YOUR OBJECTIVE: From the data that follows, copy every line with the string "Brown".

DATASET RECORDS:
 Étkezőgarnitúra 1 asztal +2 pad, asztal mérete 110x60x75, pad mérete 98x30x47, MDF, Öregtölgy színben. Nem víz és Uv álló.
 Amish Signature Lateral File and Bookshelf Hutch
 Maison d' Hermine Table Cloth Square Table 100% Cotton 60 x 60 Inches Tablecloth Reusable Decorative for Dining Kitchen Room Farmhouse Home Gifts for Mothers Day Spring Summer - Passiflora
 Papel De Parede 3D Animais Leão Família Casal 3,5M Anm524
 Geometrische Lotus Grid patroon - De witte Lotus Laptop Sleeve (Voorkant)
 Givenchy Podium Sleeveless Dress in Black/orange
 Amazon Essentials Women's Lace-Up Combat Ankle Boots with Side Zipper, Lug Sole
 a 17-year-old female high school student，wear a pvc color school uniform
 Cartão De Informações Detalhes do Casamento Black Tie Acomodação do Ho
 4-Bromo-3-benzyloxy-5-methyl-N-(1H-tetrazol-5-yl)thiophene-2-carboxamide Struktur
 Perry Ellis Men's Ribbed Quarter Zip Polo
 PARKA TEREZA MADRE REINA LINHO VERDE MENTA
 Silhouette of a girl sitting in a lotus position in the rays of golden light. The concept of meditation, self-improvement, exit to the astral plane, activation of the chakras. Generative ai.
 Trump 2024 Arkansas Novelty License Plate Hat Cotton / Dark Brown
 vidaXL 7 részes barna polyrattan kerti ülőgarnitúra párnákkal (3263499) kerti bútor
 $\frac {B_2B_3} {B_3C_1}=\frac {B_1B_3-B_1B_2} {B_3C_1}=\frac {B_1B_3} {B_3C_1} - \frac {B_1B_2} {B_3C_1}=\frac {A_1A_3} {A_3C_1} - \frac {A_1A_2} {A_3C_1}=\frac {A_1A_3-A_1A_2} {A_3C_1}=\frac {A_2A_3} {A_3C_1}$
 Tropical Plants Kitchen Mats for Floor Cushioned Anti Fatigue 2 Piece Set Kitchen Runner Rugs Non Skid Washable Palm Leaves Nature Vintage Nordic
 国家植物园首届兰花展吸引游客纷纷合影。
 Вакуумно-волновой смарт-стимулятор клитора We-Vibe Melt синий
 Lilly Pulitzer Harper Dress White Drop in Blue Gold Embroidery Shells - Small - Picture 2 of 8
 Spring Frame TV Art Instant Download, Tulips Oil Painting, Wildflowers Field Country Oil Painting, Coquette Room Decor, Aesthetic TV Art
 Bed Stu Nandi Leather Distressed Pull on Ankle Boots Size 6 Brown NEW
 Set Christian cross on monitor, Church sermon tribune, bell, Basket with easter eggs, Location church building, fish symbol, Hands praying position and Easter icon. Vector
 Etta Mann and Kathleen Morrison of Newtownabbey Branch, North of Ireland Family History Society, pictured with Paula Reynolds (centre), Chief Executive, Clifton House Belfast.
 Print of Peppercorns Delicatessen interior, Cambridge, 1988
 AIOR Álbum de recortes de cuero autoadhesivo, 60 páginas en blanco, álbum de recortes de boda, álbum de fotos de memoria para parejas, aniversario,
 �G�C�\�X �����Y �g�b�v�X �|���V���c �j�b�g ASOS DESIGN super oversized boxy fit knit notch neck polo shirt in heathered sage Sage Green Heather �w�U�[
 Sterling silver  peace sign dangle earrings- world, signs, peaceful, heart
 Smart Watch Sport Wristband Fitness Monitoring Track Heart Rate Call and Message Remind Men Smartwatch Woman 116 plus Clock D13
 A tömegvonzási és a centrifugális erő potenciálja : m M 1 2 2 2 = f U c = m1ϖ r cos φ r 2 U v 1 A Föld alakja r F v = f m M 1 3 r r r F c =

TASK SOLUTION:
 Trump 2024 Arkansas Novelty License Plate Hat Cotton / Dark Brown
 Bed Stu Nandi Leather Distressed Pull on Ankle Boots Size 6 Brown NEW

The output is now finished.